In many cases, customers of our origination and risk management operation rely on the creditworthiness of Constellation Energy. A decline below investment grade by Constellation Energy would negatively impact the business prospects of that operation.
The credit facilities of Constellation Energy and BGE have limited material adverse change clauses that only consider a material change in financial condition and are not directly affected by decreases in credit ratings. If these clauses are violated, the lending institutions can decline making new advances or issuing new letters of credit, but cannot accelerate existing amounts outstanding. The long-term debt indentures of Constellation Energy and BGE do not contain material adverse change clauses or financial covenants.
Certain credit facilities of Constellation Energy contain a provision requiring Constellation Energy to maintain a ratio of debt to capitalization equal to or less than 65%. At March 31, 2003, the debt to capitalization ratios as defined in the credit agreements were no greater than 58%.

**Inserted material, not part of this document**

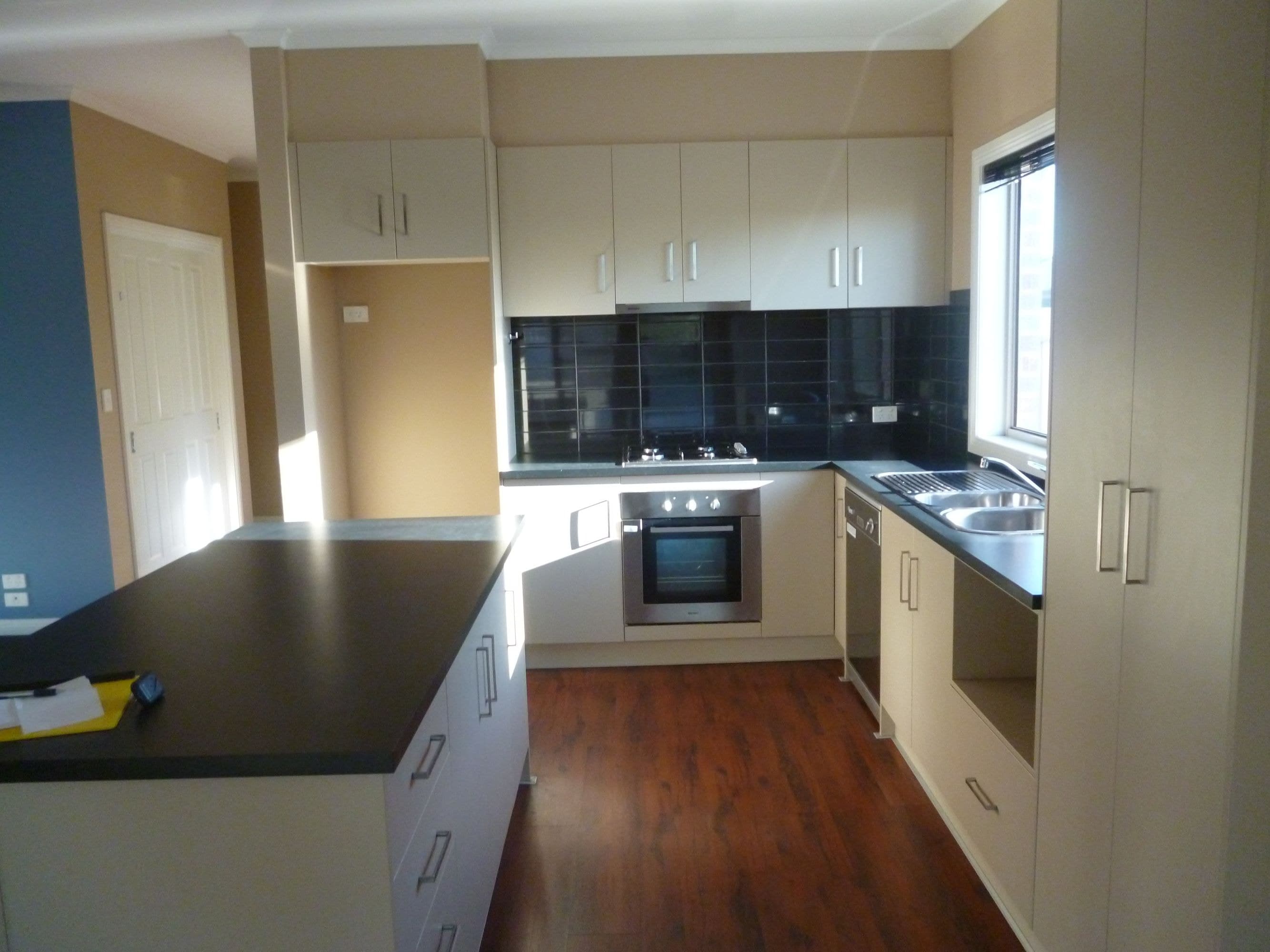 6 Tobruk Street, Horsham VIC 3400, Horsham - Thumbnail 2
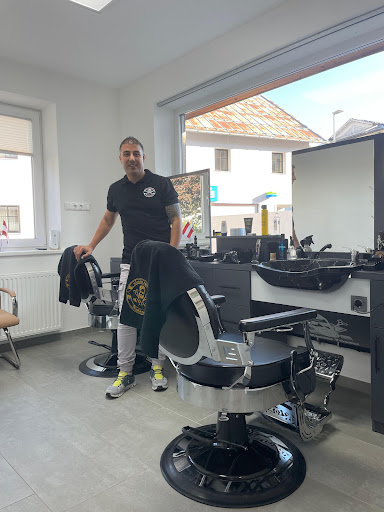 Mahmoud Männer Friseur – Lechaschau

A BGE credit facility of $50.0 million that expires in August 2003 requires BGE to maintain a ratio of debt to capitalization equal to or less than 70%. At March 31, 2003, the debt to capitalization ratio for BGE as defined in the credit agreement was 51%. At March 31, 2003, no amount is outstanding under this facility.
Failure by Constellation Energy, or BGE, to comply with these covenants could result in the maturity of the debt outstanding under these facilities being accelerated. The credit facilities of Constellation Energy contain usual and customary cross-default provisions that apply to defaults on debt by Constellation Energy and certain subsidiaries over a specified threshold. Certain BGE credit facilities also contain usual and customary cross-default provisions that apply to defaults on debt by BGE over a specified threshold. The indentures pursuant to which BGE has issued and outstanding mortgage bonds and subordinated debentures provide that a default under any debt instrument issued under the relevant indenture may cause a default of all debt outstanding under such indenture.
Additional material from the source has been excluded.